Elazığ Tarihi Eserler ve Turistik Yerler
Kısaca: Elazığ, turizm potansiyeli yüksek olan bir ilimizdir. Târihî eserleri, tabiî güzellikleri ve zengin folkloruyla turisti çeken özelliklere sâhiptir.Harput Kalesi: Coğrafî durum bakımından târih boyunca önemli bir kale olarak kendinden bahsettirmiştir. ...devamı ☟
Harput Kalesi: Coğrafi durum bakımından tarih boyunca önemli bir kale olarak kendinden bahsettirmiştir. Yalçın kaya üzerine inşa edilmiş olan kalenin iç kısmında birçok yapı kalıntıları mevcuttur. İç kale ve dış sur olmak üzere iki bölümden meydana gelmiştir. Dış surlar tamamen yıkılmış, sadece Harput’a girişte bazı kalıntıları zamanımıza gelmiştir. “Süt Kalesi” diye adlandırılan iç kale, muhasarası çok güç olan bir kaledir. Roma, Bizans ve Arapların Harput Kalesini ele geçirdikleri tarihi belgelerde mevcuttur.

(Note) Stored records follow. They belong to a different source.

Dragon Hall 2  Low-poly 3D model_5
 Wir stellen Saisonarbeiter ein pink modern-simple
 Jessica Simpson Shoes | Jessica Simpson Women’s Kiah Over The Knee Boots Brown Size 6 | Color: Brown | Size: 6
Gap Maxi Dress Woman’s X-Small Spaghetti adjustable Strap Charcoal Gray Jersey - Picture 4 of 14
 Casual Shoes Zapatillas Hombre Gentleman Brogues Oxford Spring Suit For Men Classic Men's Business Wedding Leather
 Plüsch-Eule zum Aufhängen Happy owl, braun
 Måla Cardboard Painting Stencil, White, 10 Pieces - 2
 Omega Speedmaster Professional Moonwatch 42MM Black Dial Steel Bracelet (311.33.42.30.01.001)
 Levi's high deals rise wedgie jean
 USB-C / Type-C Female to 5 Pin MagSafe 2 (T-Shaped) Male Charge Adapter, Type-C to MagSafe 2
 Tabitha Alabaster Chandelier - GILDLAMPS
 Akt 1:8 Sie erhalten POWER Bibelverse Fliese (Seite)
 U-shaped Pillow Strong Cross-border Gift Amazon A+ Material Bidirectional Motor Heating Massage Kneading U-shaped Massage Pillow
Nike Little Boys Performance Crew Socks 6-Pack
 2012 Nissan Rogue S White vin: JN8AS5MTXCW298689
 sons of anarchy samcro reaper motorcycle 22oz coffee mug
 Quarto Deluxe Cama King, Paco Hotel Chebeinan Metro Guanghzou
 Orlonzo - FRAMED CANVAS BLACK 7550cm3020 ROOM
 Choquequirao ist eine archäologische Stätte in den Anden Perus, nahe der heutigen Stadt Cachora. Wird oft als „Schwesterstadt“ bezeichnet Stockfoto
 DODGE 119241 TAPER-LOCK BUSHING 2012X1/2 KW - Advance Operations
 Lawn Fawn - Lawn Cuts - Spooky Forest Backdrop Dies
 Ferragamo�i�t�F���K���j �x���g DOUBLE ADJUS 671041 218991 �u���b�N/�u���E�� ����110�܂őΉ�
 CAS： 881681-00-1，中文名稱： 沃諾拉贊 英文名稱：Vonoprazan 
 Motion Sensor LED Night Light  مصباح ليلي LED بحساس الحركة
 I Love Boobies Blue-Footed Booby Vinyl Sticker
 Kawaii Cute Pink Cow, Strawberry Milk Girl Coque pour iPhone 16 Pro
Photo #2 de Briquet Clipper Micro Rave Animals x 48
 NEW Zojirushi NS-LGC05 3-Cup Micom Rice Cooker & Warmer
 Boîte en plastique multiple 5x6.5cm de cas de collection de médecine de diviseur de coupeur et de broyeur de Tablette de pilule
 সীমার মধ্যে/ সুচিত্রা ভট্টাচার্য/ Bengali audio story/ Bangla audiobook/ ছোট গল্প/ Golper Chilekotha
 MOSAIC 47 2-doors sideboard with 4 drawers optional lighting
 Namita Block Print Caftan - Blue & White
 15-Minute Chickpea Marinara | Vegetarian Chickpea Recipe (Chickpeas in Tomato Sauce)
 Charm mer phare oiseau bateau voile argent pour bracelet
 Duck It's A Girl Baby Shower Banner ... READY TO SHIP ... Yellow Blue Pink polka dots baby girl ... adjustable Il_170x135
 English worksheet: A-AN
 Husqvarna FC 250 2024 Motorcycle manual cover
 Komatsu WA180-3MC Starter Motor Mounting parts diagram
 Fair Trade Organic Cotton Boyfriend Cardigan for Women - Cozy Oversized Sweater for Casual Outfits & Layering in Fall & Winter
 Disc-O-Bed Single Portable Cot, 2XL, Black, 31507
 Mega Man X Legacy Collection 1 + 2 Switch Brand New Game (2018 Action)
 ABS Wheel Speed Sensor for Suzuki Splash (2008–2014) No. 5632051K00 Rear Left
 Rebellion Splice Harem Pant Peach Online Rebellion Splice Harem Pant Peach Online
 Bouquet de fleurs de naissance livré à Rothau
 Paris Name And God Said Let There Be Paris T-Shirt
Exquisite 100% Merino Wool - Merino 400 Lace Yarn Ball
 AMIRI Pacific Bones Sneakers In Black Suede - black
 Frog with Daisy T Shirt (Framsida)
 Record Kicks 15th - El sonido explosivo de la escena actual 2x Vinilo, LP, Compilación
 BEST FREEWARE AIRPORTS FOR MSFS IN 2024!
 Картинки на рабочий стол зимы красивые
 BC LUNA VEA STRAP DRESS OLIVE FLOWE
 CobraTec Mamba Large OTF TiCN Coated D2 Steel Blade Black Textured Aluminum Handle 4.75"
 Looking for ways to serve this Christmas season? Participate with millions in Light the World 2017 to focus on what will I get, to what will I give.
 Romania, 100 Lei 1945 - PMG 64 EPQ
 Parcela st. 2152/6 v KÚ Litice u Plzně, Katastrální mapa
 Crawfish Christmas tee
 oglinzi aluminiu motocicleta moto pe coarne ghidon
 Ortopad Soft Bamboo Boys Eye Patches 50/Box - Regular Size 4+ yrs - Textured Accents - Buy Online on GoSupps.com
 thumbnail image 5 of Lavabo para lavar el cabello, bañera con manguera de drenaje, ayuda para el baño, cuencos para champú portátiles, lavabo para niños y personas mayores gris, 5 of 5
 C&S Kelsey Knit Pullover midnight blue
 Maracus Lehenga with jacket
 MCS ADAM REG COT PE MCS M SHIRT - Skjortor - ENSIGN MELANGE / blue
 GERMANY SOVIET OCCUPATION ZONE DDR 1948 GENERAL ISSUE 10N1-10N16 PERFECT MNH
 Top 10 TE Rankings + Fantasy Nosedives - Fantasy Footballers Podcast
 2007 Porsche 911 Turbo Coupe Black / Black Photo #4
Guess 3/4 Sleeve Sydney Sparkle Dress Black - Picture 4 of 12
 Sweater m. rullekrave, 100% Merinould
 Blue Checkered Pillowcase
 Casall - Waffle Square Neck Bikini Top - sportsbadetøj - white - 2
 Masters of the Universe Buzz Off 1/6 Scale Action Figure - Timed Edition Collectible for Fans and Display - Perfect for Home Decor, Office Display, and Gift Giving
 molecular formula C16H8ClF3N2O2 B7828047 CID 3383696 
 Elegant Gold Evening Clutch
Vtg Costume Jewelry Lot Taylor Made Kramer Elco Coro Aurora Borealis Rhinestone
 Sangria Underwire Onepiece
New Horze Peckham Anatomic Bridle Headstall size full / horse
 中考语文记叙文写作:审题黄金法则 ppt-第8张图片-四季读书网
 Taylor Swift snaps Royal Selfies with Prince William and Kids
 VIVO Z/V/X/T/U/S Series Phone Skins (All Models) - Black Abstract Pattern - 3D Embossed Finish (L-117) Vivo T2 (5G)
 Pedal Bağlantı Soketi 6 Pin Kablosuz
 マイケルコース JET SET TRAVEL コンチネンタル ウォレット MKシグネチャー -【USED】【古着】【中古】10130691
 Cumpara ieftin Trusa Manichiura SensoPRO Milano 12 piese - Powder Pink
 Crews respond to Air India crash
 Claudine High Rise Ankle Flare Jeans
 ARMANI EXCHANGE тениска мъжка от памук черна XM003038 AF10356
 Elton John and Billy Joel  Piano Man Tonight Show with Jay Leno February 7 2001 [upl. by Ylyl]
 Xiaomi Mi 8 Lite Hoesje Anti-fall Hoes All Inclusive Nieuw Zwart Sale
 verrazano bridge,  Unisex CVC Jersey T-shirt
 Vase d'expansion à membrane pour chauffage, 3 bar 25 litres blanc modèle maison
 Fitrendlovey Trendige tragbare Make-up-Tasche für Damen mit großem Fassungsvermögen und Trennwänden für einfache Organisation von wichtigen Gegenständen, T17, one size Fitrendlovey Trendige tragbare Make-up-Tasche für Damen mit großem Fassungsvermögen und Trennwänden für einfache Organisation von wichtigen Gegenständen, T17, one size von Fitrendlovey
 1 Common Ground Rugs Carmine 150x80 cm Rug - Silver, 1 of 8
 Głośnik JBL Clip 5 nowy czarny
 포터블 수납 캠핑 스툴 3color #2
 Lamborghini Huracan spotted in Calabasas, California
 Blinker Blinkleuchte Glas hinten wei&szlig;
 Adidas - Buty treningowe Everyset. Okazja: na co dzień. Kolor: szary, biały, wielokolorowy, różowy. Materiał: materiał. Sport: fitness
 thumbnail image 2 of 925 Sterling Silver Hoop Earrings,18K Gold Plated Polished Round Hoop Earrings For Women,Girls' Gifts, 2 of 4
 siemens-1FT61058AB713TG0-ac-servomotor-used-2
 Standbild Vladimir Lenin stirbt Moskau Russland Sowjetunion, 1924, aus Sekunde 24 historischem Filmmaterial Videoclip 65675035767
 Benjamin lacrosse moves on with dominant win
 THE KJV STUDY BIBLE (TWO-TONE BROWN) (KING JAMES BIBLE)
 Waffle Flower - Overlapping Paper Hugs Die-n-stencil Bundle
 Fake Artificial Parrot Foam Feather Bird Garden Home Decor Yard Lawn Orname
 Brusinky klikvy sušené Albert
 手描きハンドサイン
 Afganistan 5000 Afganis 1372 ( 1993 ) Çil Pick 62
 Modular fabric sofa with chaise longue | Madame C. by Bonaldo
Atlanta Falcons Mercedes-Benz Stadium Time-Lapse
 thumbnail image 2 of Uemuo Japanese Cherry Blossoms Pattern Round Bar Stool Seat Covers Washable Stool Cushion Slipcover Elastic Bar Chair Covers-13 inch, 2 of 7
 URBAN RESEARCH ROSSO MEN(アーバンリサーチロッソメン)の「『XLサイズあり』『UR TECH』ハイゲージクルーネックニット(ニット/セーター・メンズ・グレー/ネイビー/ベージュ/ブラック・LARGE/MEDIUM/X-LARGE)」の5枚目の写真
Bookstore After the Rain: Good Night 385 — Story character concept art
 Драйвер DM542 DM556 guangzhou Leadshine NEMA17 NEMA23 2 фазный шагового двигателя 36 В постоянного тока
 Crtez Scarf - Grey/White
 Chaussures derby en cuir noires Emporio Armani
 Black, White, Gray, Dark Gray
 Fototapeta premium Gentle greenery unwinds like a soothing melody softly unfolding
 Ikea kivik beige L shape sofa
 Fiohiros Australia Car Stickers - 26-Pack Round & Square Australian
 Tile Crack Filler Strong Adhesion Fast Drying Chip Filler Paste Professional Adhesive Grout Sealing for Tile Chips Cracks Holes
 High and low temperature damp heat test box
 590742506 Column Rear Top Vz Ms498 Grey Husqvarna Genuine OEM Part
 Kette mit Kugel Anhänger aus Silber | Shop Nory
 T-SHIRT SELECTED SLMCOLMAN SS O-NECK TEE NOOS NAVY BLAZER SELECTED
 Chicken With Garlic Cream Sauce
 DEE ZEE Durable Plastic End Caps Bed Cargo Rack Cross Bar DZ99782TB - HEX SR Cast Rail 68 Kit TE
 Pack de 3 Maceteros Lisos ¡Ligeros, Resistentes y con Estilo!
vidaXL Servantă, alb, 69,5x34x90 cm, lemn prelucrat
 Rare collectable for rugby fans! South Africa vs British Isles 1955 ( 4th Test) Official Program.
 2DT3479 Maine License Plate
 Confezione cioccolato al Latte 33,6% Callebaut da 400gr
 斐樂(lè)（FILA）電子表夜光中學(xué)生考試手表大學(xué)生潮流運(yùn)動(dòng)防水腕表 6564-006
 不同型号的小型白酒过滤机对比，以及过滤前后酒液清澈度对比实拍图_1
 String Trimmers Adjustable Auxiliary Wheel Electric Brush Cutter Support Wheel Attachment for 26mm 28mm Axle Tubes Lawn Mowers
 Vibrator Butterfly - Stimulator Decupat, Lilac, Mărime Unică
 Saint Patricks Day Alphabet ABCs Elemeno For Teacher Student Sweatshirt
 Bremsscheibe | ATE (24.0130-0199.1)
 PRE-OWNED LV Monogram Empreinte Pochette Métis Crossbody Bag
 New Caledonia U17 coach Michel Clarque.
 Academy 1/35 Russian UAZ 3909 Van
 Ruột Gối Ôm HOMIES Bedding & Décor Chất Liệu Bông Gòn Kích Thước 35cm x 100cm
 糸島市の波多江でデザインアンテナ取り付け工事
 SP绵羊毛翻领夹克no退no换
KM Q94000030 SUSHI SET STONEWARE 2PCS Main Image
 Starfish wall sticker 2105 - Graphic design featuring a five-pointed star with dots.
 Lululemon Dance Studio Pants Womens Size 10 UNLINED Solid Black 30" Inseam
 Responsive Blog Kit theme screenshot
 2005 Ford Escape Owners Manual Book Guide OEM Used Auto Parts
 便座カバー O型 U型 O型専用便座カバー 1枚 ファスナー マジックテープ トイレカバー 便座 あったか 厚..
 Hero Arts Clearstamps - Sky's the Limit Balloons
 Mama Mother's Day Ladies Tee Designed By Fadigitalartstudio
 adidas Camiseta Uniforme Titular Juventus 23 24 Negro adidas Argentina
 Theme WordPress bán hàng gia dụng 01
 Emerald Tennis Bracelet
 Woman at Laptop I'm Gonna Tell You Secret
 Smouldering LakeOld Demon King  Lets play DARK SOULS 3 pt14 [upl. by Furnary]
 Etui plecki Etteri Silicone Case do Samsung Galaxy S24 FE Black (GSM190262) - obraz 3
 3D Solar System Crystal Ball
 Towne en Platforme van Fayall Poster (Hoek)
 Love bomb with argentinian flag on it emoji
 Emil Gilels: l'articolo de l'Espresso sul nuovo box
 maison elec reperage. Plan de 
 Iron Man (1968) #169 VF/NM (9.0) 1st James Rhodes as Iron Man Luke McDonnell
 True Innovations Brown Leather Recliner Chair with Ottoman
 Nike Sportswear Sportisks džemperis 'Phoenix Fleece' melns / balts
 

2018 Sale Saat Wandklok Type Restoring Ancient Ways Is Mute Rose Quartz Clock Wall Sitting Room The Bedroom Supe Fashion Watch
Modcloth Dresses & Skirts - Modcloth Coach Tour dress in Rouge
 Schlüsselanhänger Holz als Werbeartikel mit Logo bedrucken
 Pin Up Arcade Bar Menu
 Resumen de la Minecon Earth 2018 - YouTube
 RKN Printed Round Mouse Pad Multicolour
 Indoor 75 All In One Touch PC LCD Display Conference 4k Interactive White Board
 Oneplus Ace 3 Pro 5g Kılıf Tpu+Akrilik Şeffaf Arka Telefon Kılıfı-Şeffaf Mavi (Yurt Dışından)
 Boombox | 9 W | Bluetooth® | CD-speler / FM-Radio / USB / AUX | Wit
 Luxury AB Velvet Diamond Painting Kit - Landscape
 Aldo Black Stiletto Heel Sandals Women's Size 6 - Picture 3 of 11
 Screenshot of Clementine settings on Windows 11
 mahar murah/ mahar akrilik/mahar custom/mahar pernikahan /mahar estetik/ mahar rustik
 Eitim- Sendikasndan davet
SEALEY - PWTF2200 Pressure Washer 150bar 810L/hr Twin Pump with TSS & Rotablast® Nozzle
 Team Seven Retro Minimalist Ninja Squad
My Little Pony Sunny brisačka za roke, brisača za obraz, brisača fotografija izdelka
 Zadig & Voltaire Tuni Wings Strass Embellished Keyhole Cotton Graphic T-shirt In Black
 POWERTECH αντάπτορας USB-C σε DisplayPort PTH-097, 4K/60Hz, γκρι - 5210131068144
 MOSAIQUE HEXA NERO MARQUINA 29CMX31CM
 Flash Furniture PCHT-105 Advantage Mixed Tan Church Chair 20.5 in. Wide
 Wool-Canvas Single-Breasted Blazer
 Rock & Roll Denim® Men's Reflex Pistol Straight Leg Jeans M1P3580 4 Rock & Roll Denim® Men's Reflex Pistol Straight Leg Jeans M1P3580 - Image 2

Yalnız bu devrelere ait izler kalede görülmemektedir. Kale duvarlarının örme tekniğinden, Osmanlılar devrinde de onarım görmüş olduğu anlaşılır. Kaleye ait onarım kitabelerinden bazıları Harput Müzesinde bulunmaktadır. Doğu Torosların yalçın kayalıkları üzerine kurulmuştur. Araplar Hısn-ı Ziyad (Ziyad Kalesi), Bizanslılar (Ziata), Türkler ise Harput Kalesi demişlerdir.
Palu Kalesi: asurilerden kalma çivi yazısıyla yazılmış dev bir kitabesi vardır. Tamamen yıkılmıştır.
Ahmed Bey Camii: Harput’a dağ kapısından girişte ilk görülen camidir. Yıkık olan caminin mihrabı ve minaresinin kaide kısmı mevcuttur. Kesme taşlardan yapılmış olan mihrap sadedir. Minare kuzeyde camiye bitişik, fakat camiden tamamen ayrı olarak inşa edilmiştir. Osmanlı devrinin ilk sancak beylerinden Ahmed Bey tarafından yaptırılmıştır. İlk Osmanlı devri eseri olması bakımından önemlidir.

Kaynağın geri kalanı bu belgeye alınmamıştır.